Debby Schriver is a native of Chicago residing in Knoxville, Tennesee. She attended the University of Tennessee, Knoxville for both her graduate and undergraduate studies. Her interest in the ways that people develop psychologically and sociologically—especially during their formative years—led Schriver to have a career in higher education. She served as Associate Dean of Student Conduct and Orientation for 13 years and Manager of Employee Training and Organizational Development for 18 years. Her main responsibilities were counseling first-year students who were having difficulties transitioning to university, and selecting and overseeing student orientation assistants for incoming freshmen.

For her work in student development she has been honored by the National Orientation Directors Association (NODA) and the American College Personnel Association (ACPA). Schriver was the first woman to serve as president of NODA, and served as chair of the Commission for Admission, Orientation, and Retention for ACPA. Schriver has been honored by her fellow University of Tennessee Alumni, who established the Debby Moberly Schriver Endowment to grant scholarships to students working with first-year students in their capacities as Orientation Leaders.

In addition, Schriver is actively involved in local, civic organizations. She volunteers for the Girl Scouts, the Red Cross, and is a member of the Rotary Club. She developed a “Poet’s Corner,” a poetry writing class for local, third graders. She has been appointed a member of the Foster Care Review Board by the Knox County Juvenile Court. For her civic engagement, she is the recipient of numerous awards including: the American Red Cross Volunteer of the Year, University of Tennessee Chancellor’s Citation for Outstanding Achievement, University of Tennessee Woman of Achievement, and the Thanks Badge for Outstanding Leadership from the Girl Scouts of the USA.

Schriver’s newest work tells the stories of the children rescued from the Tony Alamo Christian Ministries, and their new foster families.
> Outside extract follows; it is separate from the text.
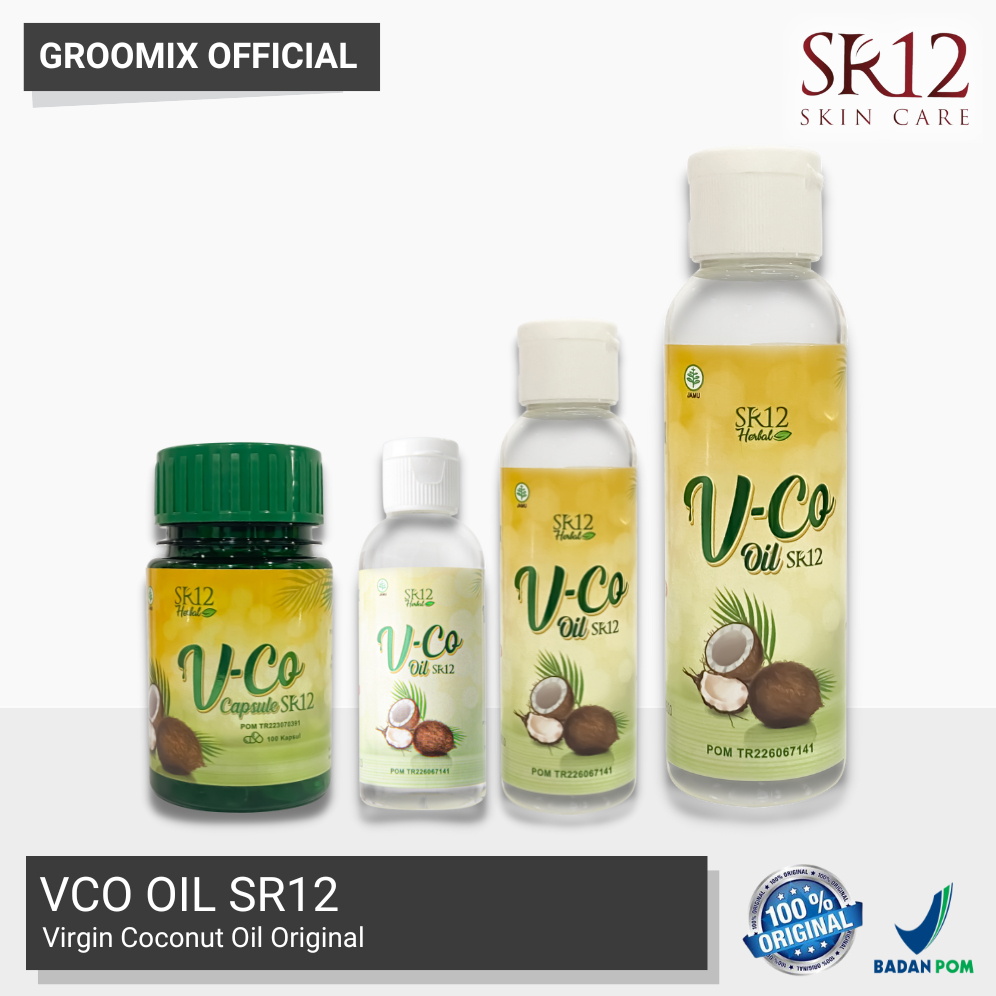 Suplemen Kesehatan VCO Virgin Coconut Oil SR12  Minyak Kelapa Untuk Rambut Pelembab Kulit Kering Herbal Aman BPOM S98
Schriver received a phone call two years ago from one of such families who asked her to write the story of their family.

Following a 2008 raid on the Tony Alamo Christian Ministries, these children, who lived their entire lives separated from the outside world as members of their cult, now struggled on their path toward stability. They had suffered both physical and mental abuse, and their journey toward freedom was extraordinarily painful, but, not without joy.

Up until his death in 2017, Alamo still ran his church from a federal penitentiary with the support of his faithful wives and followers. Experts estimate there are 5,000 cults in the United States, and that number is growing. Schriver feels that the experience of these children, now free from Tony Alamo gives us hope.

Schriver’s other works include: To Read My Heart, the Journal of Rachel Van Dyke 1810-1811, In the Footsteps of Champions: The University of Tennessee Lady Volunteers, the First Three Decades, and Ice ’n’ Go:  Score in Sports and Life.